Resurgent dollar played a role in milk price collapse

No one thing ever triggers a farm milk price collapse all by itself, although the simple explanation usually boils down to too much supply and not enough demand. That's the case this time, as well, but what dairy producers may not appreciate is that currency exchange rates play a role in today's imbalance.

Not only has recession in the U.S. spread like an infection around the world to sicken other economies, it has also pushed the value of the dollar higher in relation to other currencies. Thus, when it comes to buying U.S. dairy products today, foreign buyers not only are more fiscally cautious but they also have less buying power.

Take Mexico for example. The No. 1 buyer of U.S. dairy products has seen the value of the peso drop from about 9.8 cents in mid-2008 to barely 7 cents today, almost a 29 percent decline. Canada, our No. 2 buyer, has seen its currency drop from $1.03 in late 2007 to just 80 cents today, a decline of 22 percent.

But that's just part of the problem. Partly because the dollar was so weak for so long, the percentage of total U.S. milk production that was exported soared in recent years. According to the U.S. Dairy Export Council, 3.6 percent of all U.S. production was sold abroad in 1996. In 2008, it is expected to be between 10 and 11 percent. U.S. dairy producers boosted production to meet that growing demand.

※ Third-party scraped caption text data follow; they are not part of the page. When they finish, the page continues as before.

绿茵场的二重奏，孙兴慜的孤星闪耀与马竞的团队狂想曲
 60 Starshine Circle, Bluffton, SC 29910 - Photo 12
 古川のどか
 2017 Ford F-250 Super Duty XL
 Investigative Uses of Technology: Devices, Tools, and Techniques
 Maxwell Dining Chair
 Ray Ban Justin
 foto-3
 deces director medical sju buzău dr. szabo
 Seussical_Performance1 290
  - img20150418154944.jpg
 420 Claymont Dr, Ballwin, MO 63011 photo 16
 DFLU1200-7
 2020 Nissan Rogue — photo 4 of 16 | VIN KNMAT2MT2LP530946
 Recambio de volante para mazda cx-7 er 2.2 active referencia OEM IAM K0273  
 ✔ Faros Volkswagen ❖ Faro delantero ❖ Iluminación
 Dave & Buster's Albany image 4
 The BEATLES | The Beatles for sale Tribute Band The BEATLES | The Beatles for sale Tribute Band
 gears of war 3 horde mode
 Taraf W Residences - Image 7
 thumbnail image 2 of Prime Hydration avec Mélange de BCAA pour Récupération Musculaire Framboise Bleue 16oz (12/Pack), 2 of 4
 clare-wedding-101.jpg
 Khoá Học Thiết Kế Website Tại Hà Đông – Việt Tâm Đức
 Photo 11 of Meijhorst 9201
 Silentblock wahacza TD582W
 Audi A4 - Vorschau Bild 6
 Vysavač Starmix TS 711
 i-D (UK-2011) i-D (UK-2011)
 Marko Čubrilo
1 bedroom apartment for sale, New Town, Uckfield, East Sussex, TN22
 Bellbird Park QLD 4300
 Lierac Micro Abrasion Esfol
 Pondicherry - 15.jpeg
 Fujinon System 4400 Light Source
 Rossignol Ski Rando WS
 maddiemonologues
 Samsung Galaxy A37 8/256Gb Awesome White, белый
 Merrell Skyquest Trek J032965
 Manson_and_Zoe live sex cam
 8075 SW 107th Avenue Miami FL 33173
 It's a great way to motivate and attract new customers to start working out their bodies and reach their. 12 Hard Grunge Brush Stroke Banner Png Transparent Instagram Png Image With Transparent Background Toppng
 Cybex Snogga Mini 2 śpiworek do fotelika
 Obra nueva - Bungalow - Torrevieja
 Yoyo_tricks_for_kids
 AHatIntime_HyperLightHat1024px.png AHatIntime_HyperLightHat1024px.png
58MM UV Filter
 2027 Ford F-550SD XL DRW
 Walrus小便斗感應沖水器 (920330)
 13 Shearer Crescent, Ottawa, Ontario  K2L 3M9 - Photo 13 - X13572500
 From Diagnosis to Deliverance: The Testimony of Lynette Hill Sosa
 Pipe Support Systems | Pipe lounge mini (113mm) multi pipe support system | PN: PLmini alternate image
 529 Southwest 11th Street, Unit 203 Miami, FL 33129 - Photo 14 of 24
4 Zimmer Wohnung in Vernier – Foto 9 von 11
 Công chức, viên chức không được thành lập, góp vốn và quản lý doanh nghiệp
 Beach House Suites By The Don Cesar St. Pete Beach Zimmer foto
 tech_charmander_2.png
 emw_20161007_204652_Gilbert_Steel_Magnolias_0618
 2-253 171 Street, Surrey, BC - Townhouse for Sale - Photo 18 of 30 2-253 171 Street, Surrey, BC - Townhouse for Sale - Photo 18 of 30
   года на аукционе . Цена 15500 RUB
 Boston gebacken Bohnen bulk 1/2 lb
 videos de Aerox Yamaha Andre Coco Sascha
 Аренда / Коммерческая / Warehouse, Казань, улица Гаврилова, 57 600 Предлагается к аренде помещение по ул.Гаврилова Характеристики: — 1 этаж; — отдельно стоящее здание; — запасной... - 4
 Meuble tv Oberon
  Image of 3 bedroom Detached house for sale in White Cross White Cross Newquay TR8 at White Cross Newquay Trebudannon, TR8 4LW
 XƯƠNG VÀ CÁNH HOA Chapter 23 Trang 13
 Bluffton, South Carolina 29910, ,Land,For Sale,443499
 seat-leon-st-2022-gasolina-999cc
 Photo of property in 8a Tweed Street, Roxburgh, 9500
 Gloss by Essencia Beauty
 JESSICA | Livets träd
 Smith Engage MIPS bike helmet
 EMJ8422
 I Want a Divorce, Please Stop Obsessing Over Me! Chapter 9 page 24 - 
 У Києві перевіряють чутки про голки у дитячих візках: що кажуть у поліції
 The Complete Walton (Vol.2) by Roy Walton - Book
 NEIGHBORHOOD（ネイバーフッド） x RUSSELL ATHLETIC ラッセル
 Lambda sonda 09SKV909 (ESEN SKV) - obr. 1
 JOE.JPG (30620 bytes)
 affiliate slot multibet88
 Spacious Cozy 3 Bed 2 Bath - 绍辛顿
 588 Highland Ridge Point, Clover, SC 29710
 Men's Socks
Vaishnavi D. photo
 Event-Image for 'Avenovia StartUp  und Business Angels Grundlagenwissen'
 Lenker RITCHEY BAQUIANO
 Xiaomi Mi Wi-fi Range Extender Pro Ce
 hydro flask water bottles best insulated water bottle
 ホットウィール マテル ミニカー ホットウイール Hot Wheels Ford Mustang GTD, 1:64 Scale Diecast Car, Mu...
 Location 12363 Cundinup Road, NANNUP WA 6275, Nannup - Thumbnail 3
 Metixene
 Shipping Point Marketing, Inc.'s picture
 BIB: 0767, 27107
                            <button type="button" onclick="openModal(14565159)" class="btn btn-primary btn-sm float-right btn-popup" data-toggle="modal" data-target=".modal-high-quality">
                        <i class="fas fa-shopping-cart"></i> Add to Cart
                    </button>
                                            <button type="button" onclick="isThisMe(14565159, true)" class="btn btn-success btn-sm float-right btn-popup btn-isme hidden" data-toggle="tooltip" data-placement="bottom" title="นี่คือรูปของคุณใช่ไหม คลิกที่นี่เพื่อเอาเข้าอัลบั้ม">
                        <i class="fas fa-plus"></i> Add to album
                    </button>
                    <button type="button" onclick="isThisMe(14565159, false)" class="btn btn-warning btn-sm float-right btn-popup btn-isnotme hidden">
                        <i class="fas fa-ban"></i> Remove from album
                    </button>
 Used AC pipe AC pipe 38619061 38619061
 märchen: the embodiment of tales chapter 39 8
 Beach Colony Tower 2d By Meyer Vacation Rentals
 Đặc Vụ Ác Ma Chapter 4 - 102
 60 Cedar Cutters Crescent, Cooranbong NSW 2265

The effect of even a modest slowdown in foreign purchases of U.S. dairy products is drastically more sudden and painful today than ever before. That's one reason why the pipeline of dairy product sales plugged up virtually overnight, why domestic sales alone are hopelessly unable to keep up with production, why producer milk prices imploded, and why this situation in unlikely to turn around soon.